* **Pictures with short captions**:
########
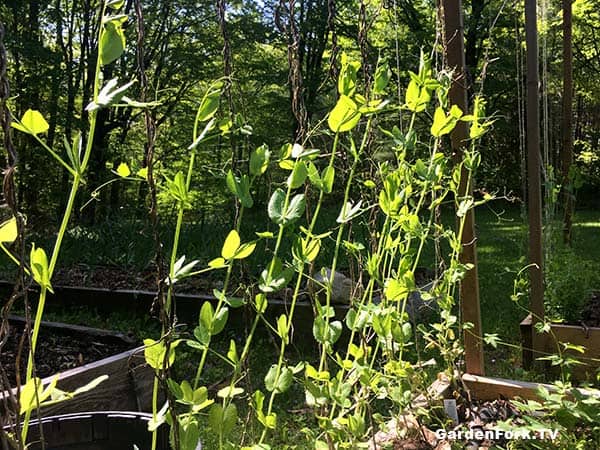 Transplant snap peas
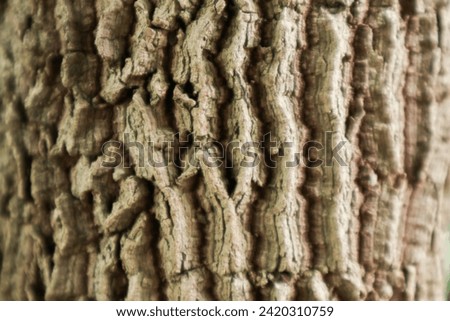 The texture of the bark of the asem tree in front of the house looks good with the lines on the tree trunk 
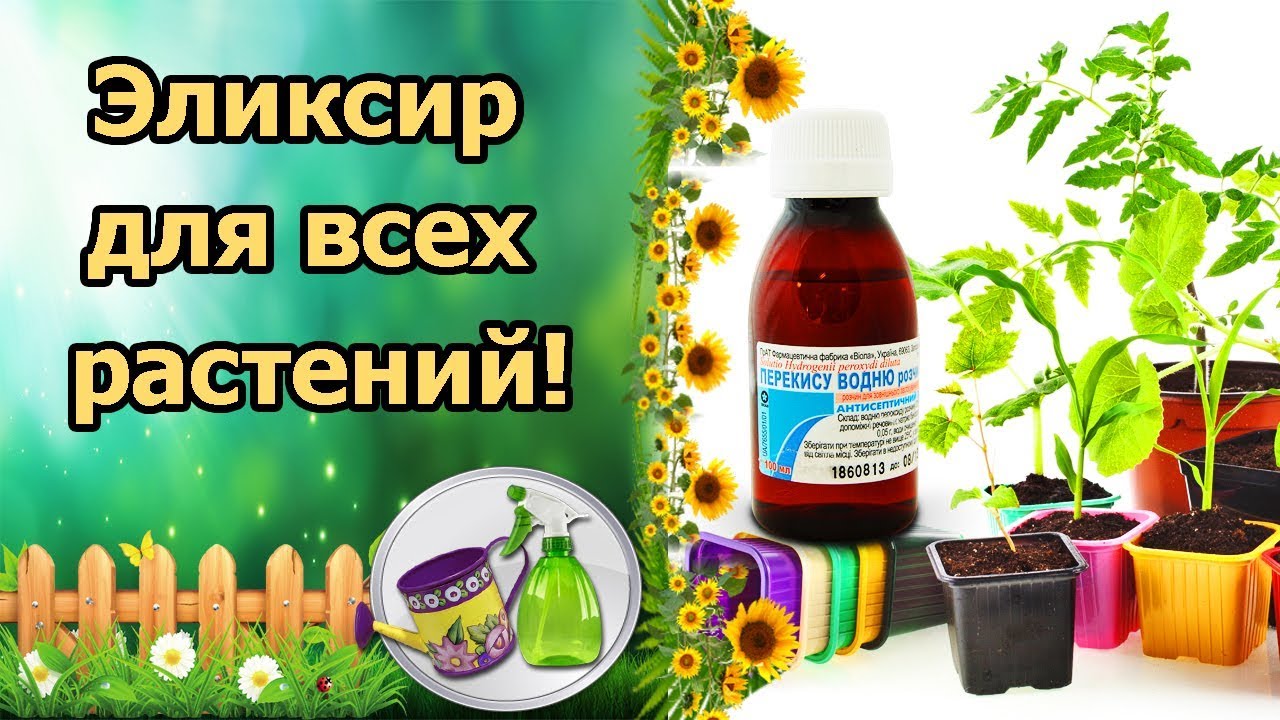 Нажмите, чтобы запустить видео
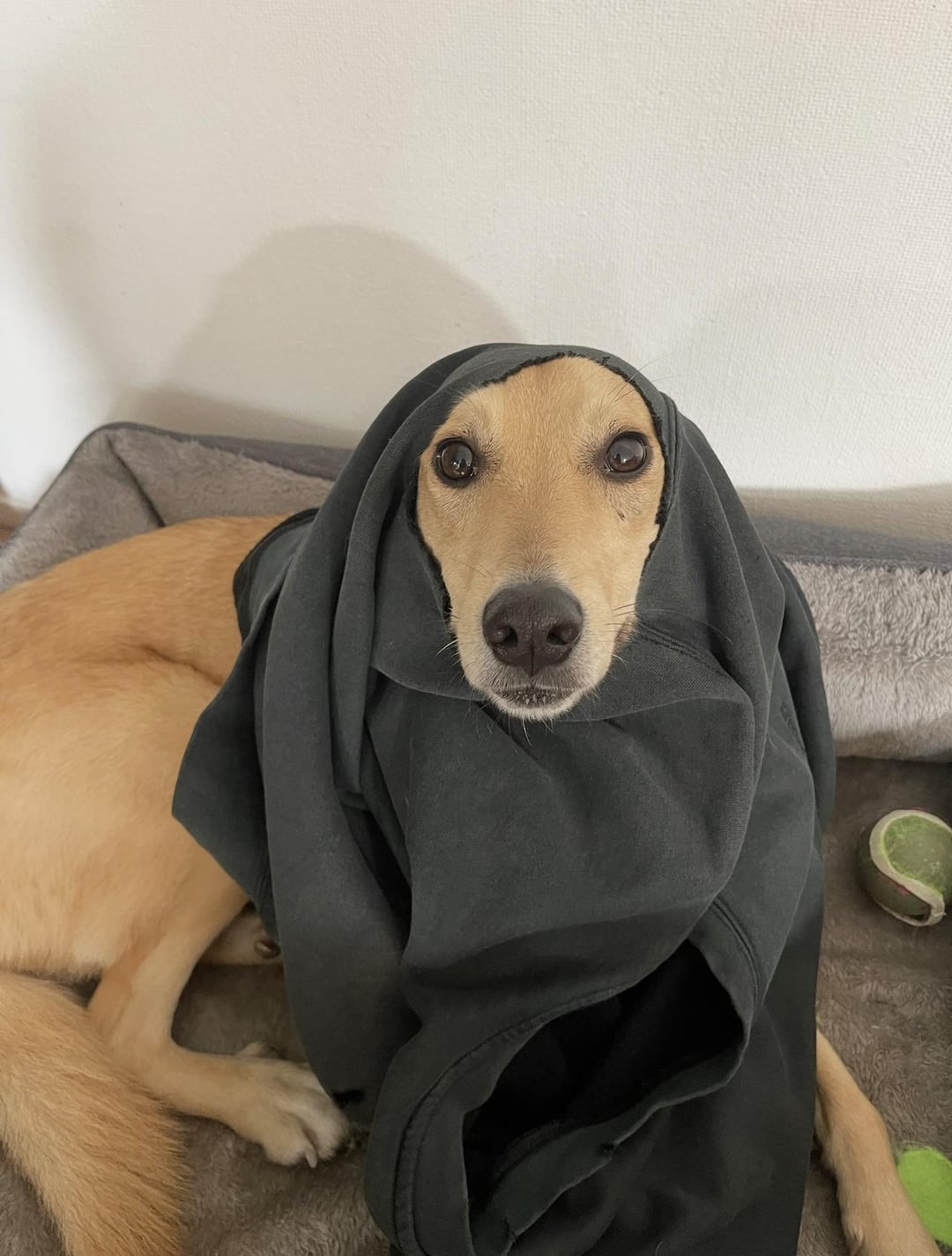 A favourite sweater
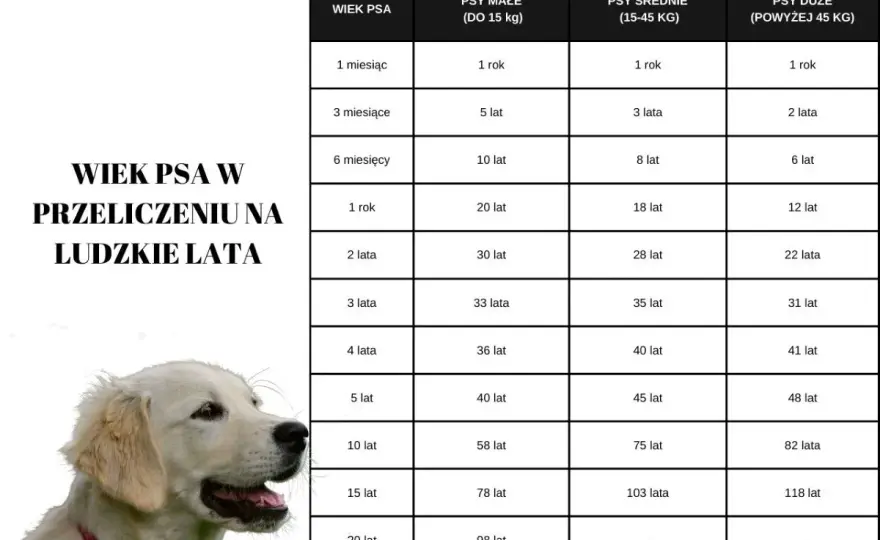 Ile waży golden retriever - Czy Twój pies ma prawidłową wagę?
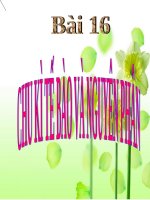 Tiết-456-_Bai-16_-chu-kì-tế-bào-và-Nguyên-phan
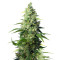 Honey Peach Auto CBD (Sweet Seeds) Cannabis-Samen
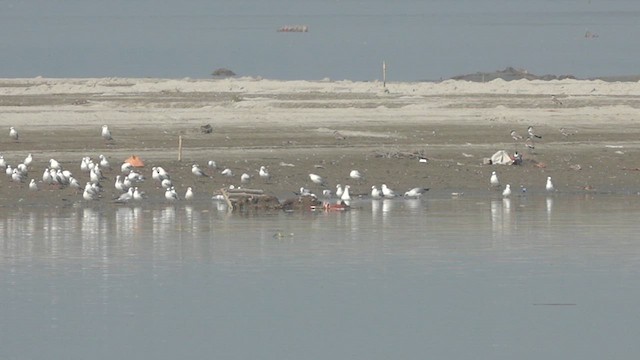 Brown-headed Gull - ML610548849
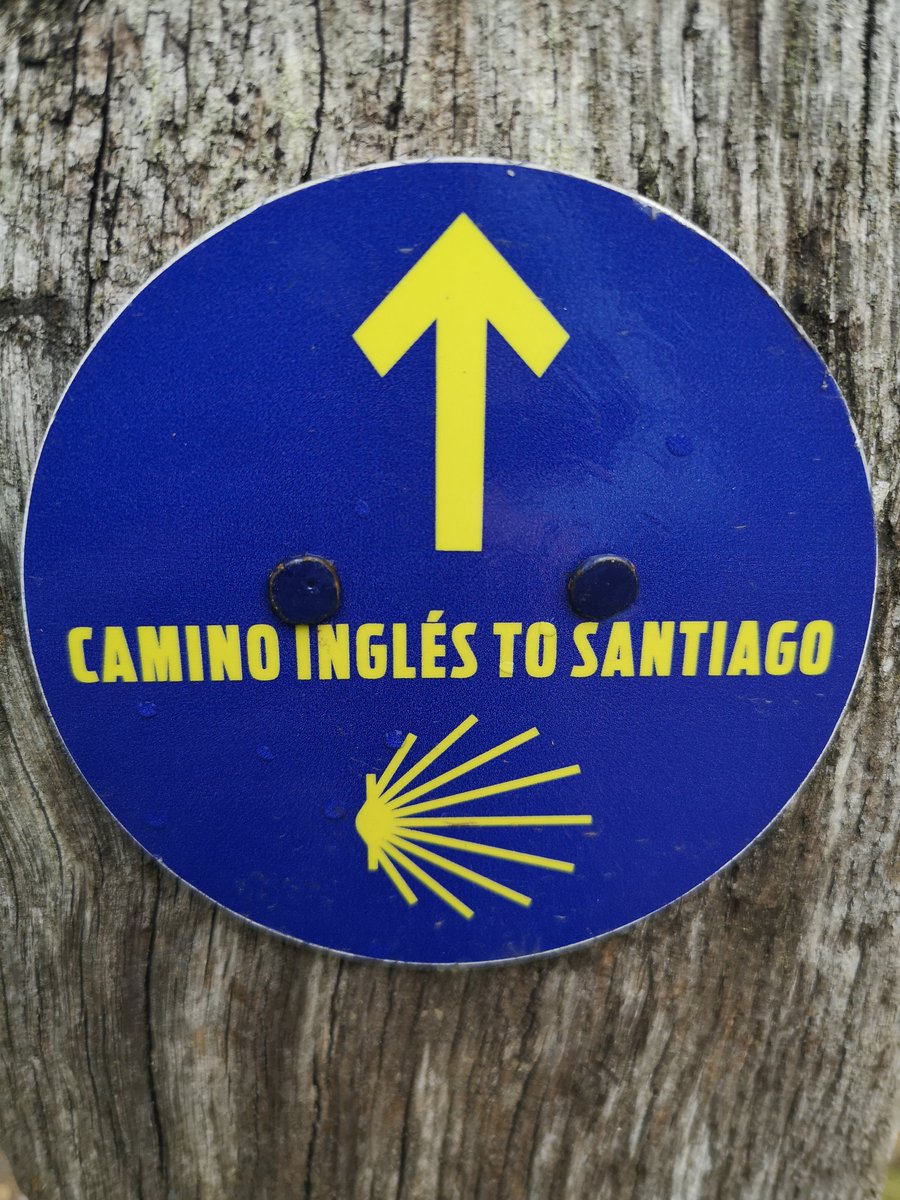 CazAdams3's tweet photo. Jack,  9, is walking a Camino for the RSPB @RSPBEngland @Natures_Voice 💚🌍🌱 starting from Reading Abbey, the walk will also continue in Spain!
https://t.co/N23wW1Fub9
@BBCGlos
@ChrisGPackham @GlosLiveOnline @SteveBackshall @DrAmirKhanGP  @MirandaKnature @MeganMcCubbin https://t.co/dNH5KNI4ub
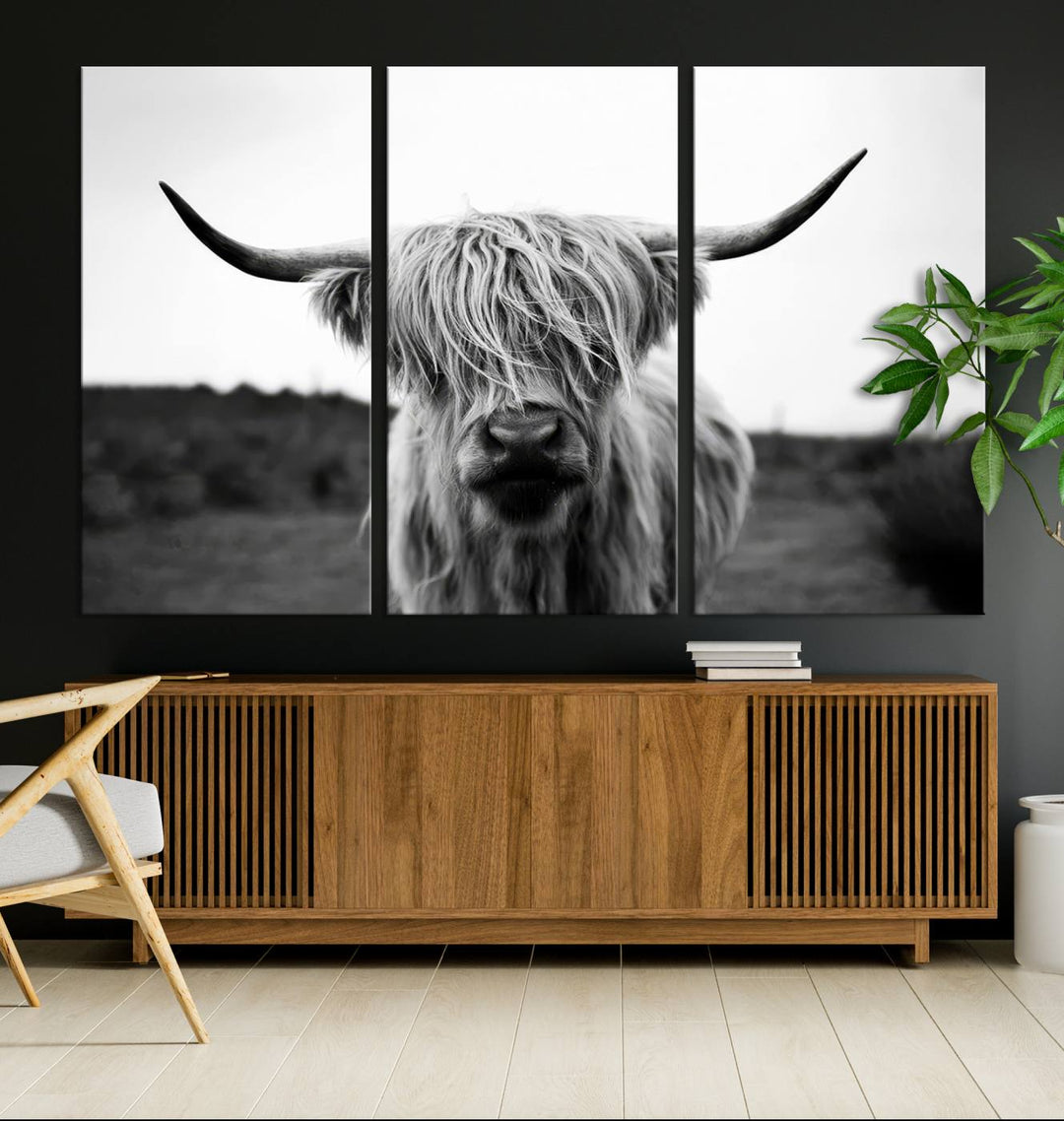 Highland Cow Wall Art: A black and white triptych canvas print, ideal for enhancing farmhouse or rustic barn decor.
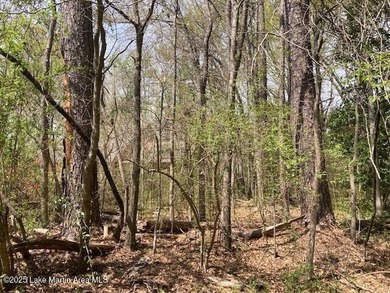 (private lake, pond, coastal) Acreage For Sale in Alexander City Alabama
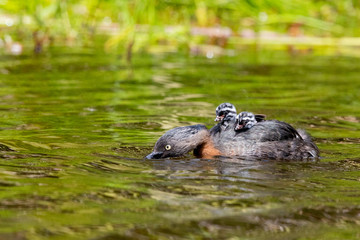 Dabchick New Zealand Grebe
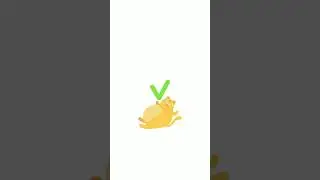 Brain Puzzle 99 Games Level 251 to 260 Walkthrough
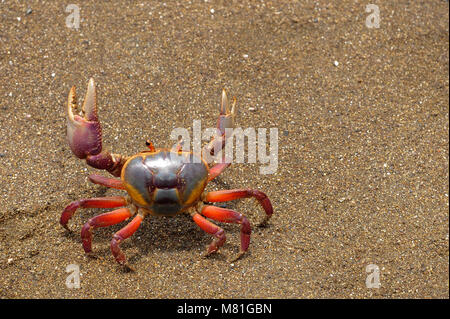 Le crabe de terre colorées Gecarcinus quadratus, également connu sous le nom de crabe halloween, fait son chemin le long de la plage Paloma au Costa Rica. Banque D'Images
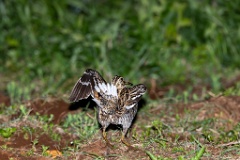 Gallinago_media_2022_0519_2139-6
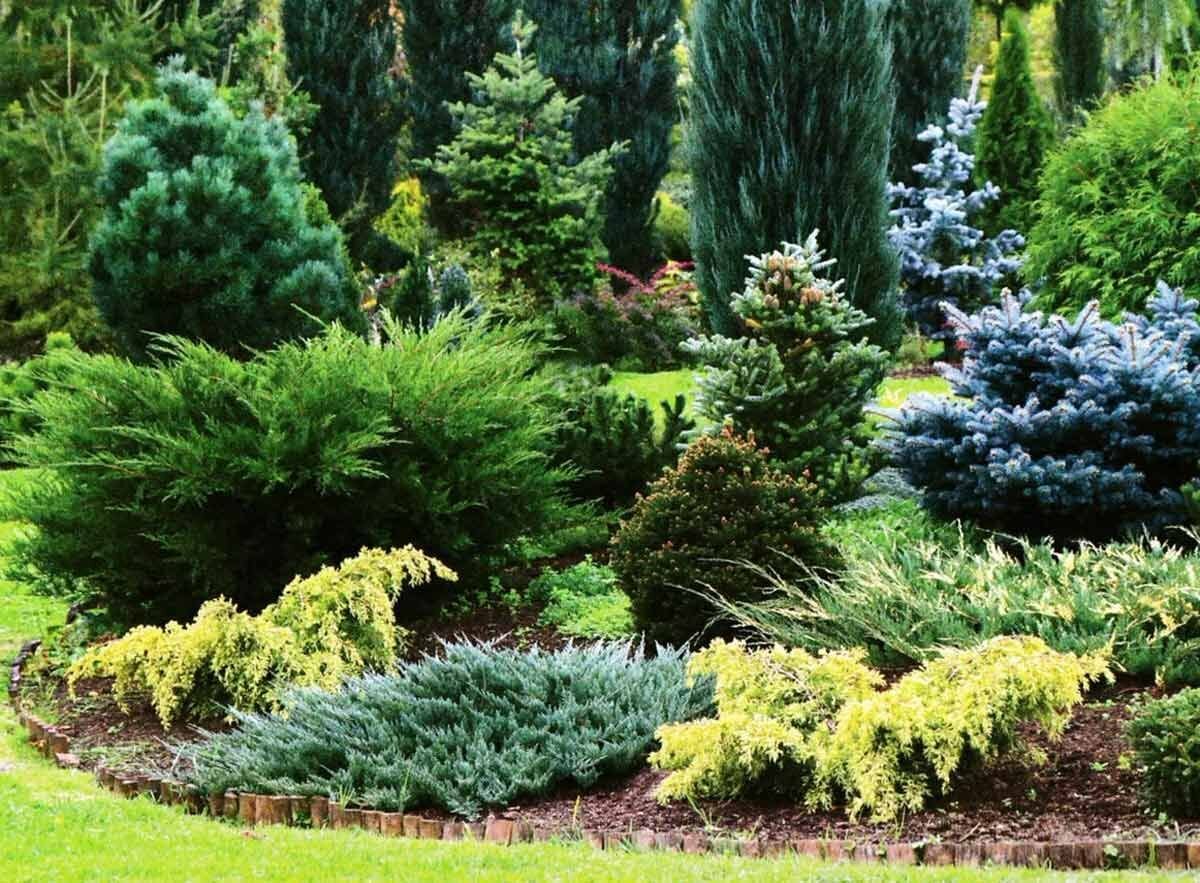 Кислый торф Торфуша, улучшение структуры почвы, для растений, 5л — фото 1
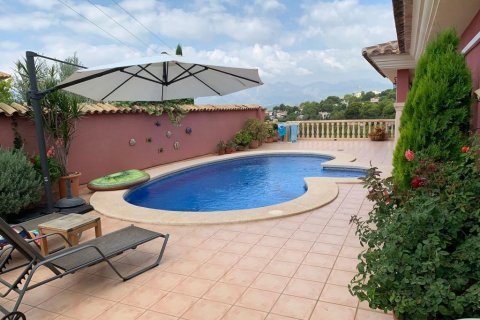Apartament Galera de las Palmeras, Alicante, Hiszpania 3 sypialnie, 412 mkw. nr 116916 – zdjęcie 12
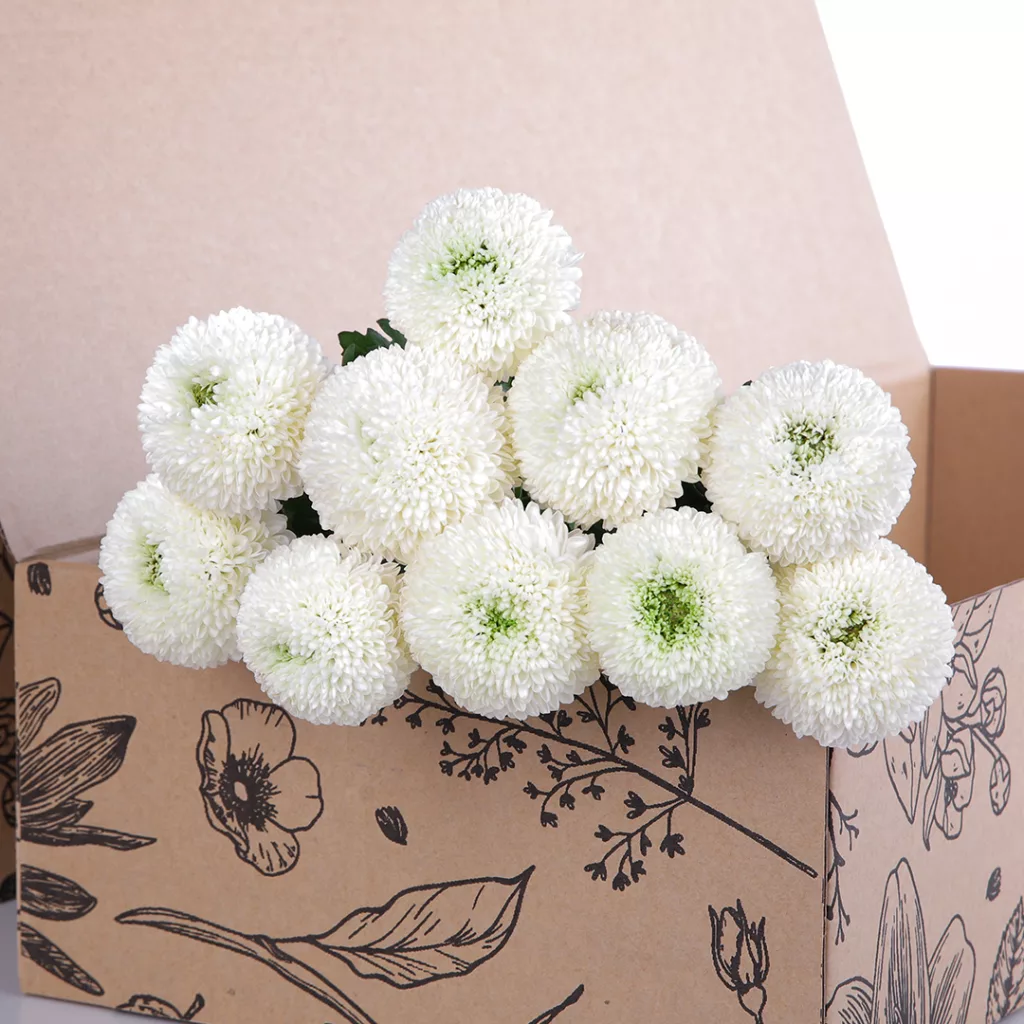 Chrysanthemum Ping Pong White 01 Chrysanthemum Ping Pong White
########
* **What to do**:
Exclude the pictures, then retype every record exactly.

* **Answer to this problem**:
 Transplant snap peas
 The texture of the bark of the asem tree in front of the house looks good with the lines on the tree trunk 
 Нажмите, чтобы запустить видео
 A favourite sweater
 Ile waży golden retriever - Czy Twój pies ma prawidłową wagę?
 Tiết-456-_Bai-16_-chu-kì-tế-bào-và-Nguyên-phan
 Honey Peach Auto CBD (Sweet Seeds) Cannabis-Samen
 Brown-headed Gull - ML610548849
 CazAdams3's tweet photo. Jack,  9, is walking a Camino for the RSPB @RSPBEngland @Natures_Voice 💚🌍🌱 starting from Reading Abbey, the walk will also continue in Spain!
https://t.co/N23wW1Fub9
@BBCGlos
@ChrisGPackham @GlosLiveOnline @SteveBackshall @DrAmirKhanGP  @MirandaKnature @MeganMcCubbin https://t.co/dNH5KNI4ub
 Highland Cow Wall Art: A black and white triptych canvas print, ideal for enhancing farmhouse or rustic barn decor.
 (private lake, pond, coastal) Acreage For Sale in Alexander City Alabama
 Dabchick New Zealand Grebe
 Brain Puzzle 99 Games Level 251 to 260 Walkthrough
 Le crabe de terre colorées Gecarcinus quadratus, également connu sous le nom de crabe halloween, fait son chemin le long de la plage Paloma au Costa Rica. Banque D'Images
 Gallinago_media_2022_0519_2139-6
 Кислый торф Торфуша, улучшение структуры почвы, для растений, 5л — фото 1
Apartament Galera de las Palmeras, Alicante, Hiszpania 3 sypialnie, 412 mkw. nr 116916 – zdjęcie 12
 Chrysanthemum Ping Pong White 01 Chrysanthemum Ping Pong White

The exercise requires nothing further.